Malatya’da 7 Bin Yıllık Mühürler Bulundu
UNESCO Dünya Mirası Listesi’nde yer alan Malatya’daki Arslantepe Höyüğü’nde, taş ve kemikten yapılmış, üzerinde hayvan motiflerinin yer aldığı 7 bin yıllık 2 mühür bulunmuştur.
Şehir 6 kilometre uzaklıkta, Fırat Irmağı’nın batı yönünde bulunan Arslantepe, yüksek tarım potansiyeli, sulak alanları ve ırmağın taşkınlarından korunan yapısı sayesinde binlerce yıl insanoğluna kucaklaşmış tarihi yerler ortada yer alıyor.
Geç Kalkolitik Devir’den Demir Çağı’na kadar geçen tarihi süreçte buluntularına rastlanan Arslantepe, Hititler’den Roma ve Bizans’a birçok medeniyetin izlerini taşıyor.
Geçen yıl hafriyatlarda taş ve kemikten, üzerinde hayvan motiflerinin yer aldığı 2 mühür bulundu.
Geç Kalkolitik Devir katmanındaki hafriyat çalışmalarında bulunan ve milattan önceki 5 bin yıllara ilişkin olduğu bedellendirilen mühürler, höyükte günümüze kadar bulunan ve eski mühürlenme özelliğini taşıyor.
AA muhabiri Arslantepe Höyüğü Hafriyat Lideri Prof.

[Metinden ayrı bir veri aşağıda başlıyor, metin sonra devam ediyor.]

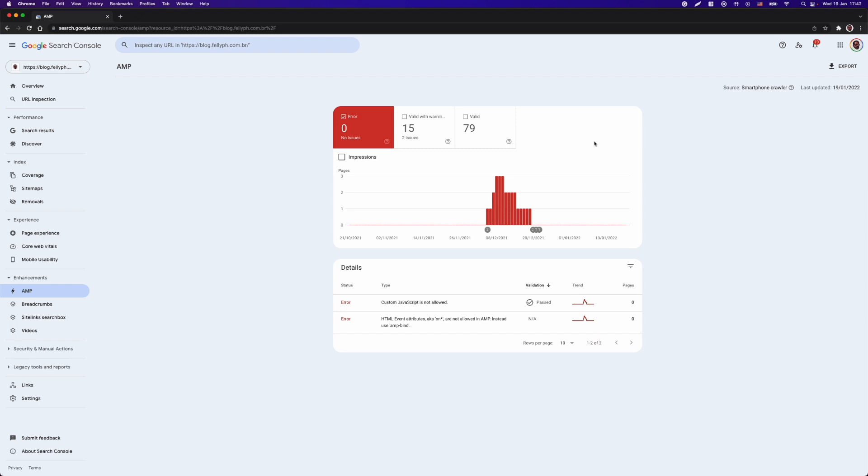So once you fix something, be aware that if you don't force the Googlebot to crawl your content again, that error will take a few days to disappear.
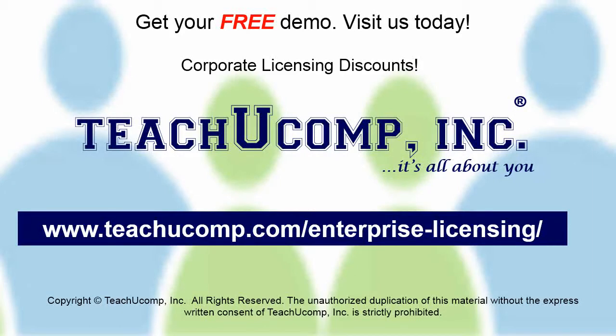Need computer training for a group or office? Contact us today to get a free demo of our training at www.teachucomp.com/enterprise-licensing.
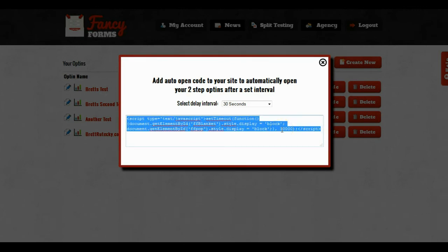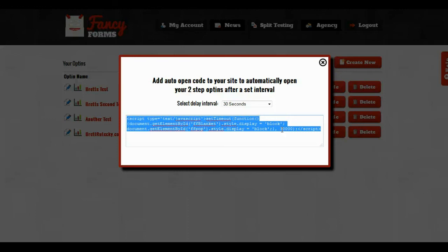And that's how you add an opt-in on your website that will pop open in a lightbox but does not have a two-step opt-in button. If you have any questions, please feel free to click the help button on the right hand of your screen.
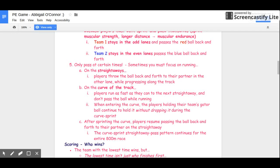You're only passing the ball back and forth at certain times. Sometimes you're going to focus on running. When you're on the straightaways, that's when you'll throw the ball back and forth and do the monkey middle thing with your partner. Then when you're on the curve of the track, you're going to stop with the passing, hold the ball, and sprint as fast as you can to get to the next straightaway.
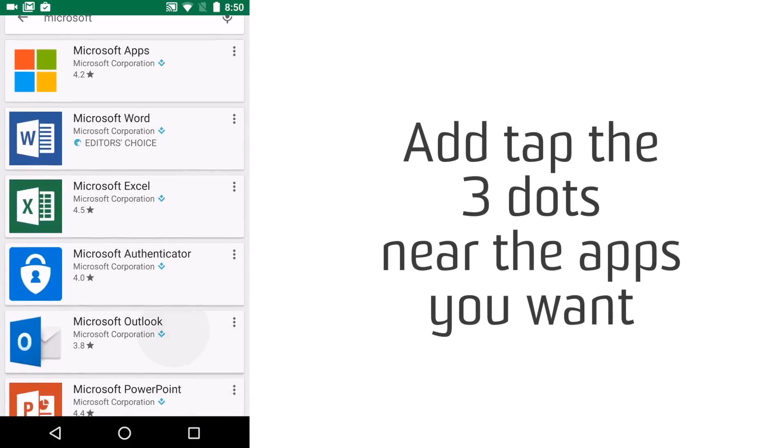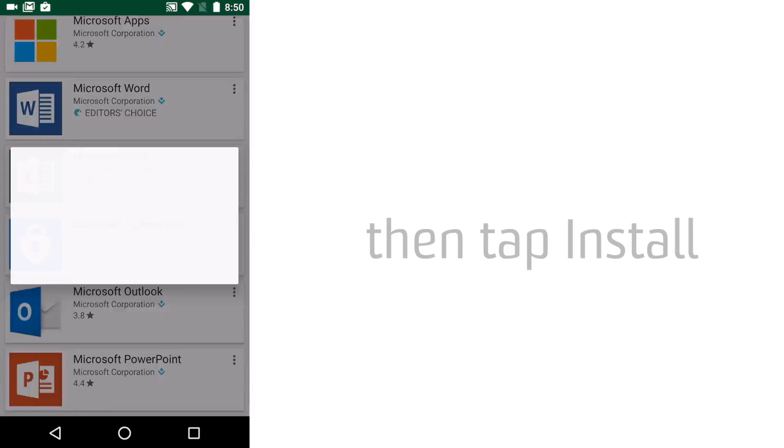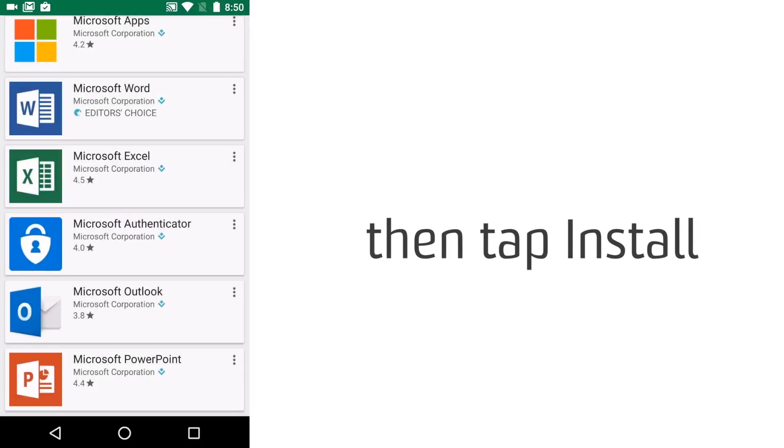You have to install apps individually on Android, so tap on the three dots beside the apps that you want and then tap Install.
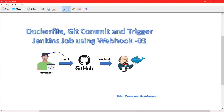Once the developer commits the Dockerfile to GitHub, Jenkins will start triggering the job automatically. The prerequisites we need are: a GitHub repository, a Jenkins server, and a code editor. In my case I'm using VS Code. After committing the code, Jenkins will start building — it will pull all the code from GitHub — and we will also verify that the code has arrived on the Jenkins server.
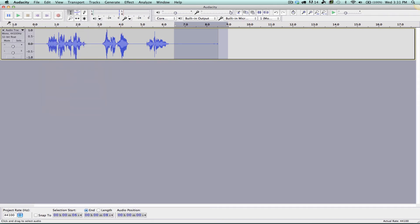Pause essentially does the same thing that stop does. However, when you pause Audacity you disable many of the functions that you need to use when editing your project. So I highly recommend that you do not use the pause button while working in Audacity. Instead, use the stop button.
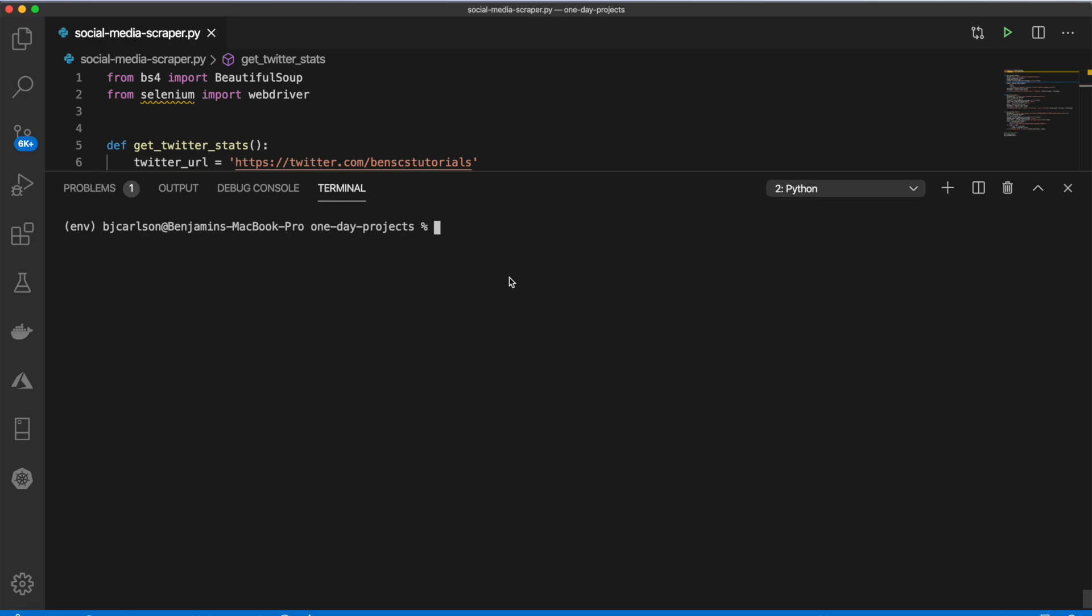Hey guys, welcome to the video. Today we're going to be using Beautiful Soup and Selenium to build a web scraper that scrapes social media data.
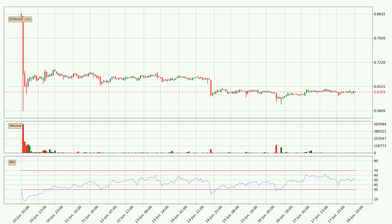Moving to the hourly relative strength index, the current hourly RSI is at 51. So there are currently no signs of the crypto being overbought or oversold.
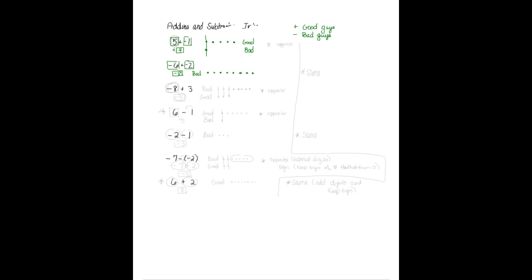The next one, I start by saying how many bad guys I have because it's a negative 8. So I have 1, 2, 3, 4, 5, 6, 7, 8. Then I count how many good guys I have, and that is 3 of them. The good guys and bad guys battle, and we have some remaining. We have 1, 2, 3, 4, 5, and there are 5 bad guys.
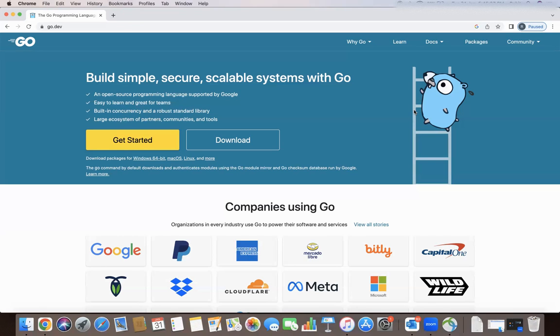That's all about the theory part of Golang. In the next videos we'll talk about the Golang setup, local programming in Golang, and other topics. Thank you.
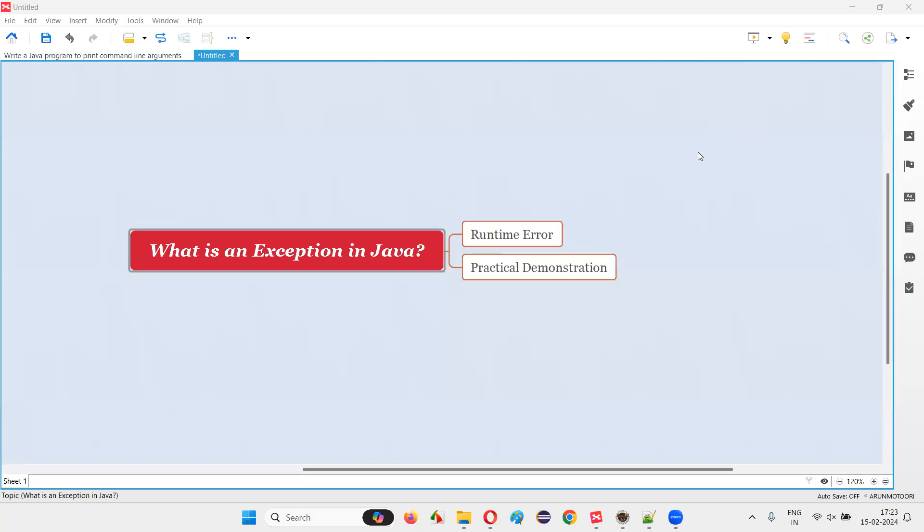Hello all. Welcome to this session. In this session, I'm going to answer one of the Java interview questions. That is, what is an exception in Java?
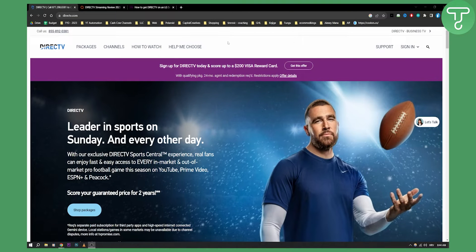So I found a couple of answers. One answer is that you can get the DirecTV streaming app on LG TV, and another answer is that you cannot.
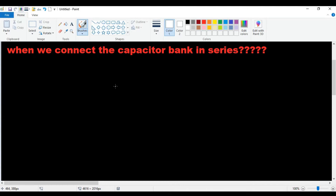Hello friends, today we will talk about an interview-based question. The question is: what are capacitor banks? We will talk about capacitor banks in the context of series compensation.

Dr. Francesca Balossi Restelli, geçen yıl höyüğün batı kısmında Geç Kalkolitik Periyoda’nın katmanları kazıldıklarında kaldıkları mühürlerin üzerindeki hayvan figürlerinin daha eski devirlerde saklandığını söyledi.

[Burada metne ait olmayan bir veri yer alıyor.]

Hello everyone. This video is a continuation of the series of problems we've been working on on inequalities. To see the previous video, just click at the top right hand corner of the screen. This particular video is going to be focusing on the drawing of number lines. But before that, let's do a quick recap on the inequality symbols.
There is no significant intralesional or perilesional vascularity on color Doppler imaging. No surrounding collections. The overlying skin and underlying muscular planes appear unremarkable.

Bu mühürlerin tarih ve üzerlerindeki motif olarak, höyükte geçmiş yıllarda ulaşılan başka mühürlerden farklı olduğunu anlatan Restelli, şöyle devam etti:
“Evin duvar kağıdı kaldırılınca iki mühür de duvar altından çıktı. Mesken Geç Kalkolitik 3. yahut 4. periyoda ilişkin, milattan önceki 3 bin 900 yahut 3 bin 500 yıllar ortasında. Çabucak yanı başında fırının bulunduğu yerde bir mesken var, milattan önceki 4 bin 200′ lü yıllara ilişkin bu iki konutun ortasında Mühürleri tam bu iki konutun ortasında buluşmak için tarz olarak hedeflenenler. Daha önce 5 bin kişi diye düşünüyorum.”
“Arslantepe’nin en eski mühürleri”
Restelli, mühürlere hayvan figürlerinin işlendiğini belirterek kelamlarını şöyle sürdürdü:
“Kemik mühürde keçi yahut keçiye yakın hayvan olduğunu düşünüyoruz. Taş mühür tahminen bir köpek ya da köpeğe yakın bir hayvan. Kalkolitik Devirde bu hayvan figürlerine çok rastlıyoruz, yalnızca Arslantepe değil tüm Kuzey Mezopotamya bölgesi ile Doğu Anadolu Bölgesi’ndeki mühürlerde bu figürleri kullanıyorlar. Tipik bir mühür. Arslantepe’de mühür var ancak bizim daha önceden bulduğumuz mühürler o kadar eski değil, bu nedenle enteresan. Bu figürleri Arslantepe’de çok daha önceden başlamalarını anlıyoruz ama yalnızca Arslantepe’de değil Şu ana kadar bizim en eski hafriyat alanımız. bu mühürler şu ana kadar bulunan Arslantepe’nin en eski mühürleri. Lakin daha eskileri katiyen var zira doruğun altında daha 10 metrede katmanlar var.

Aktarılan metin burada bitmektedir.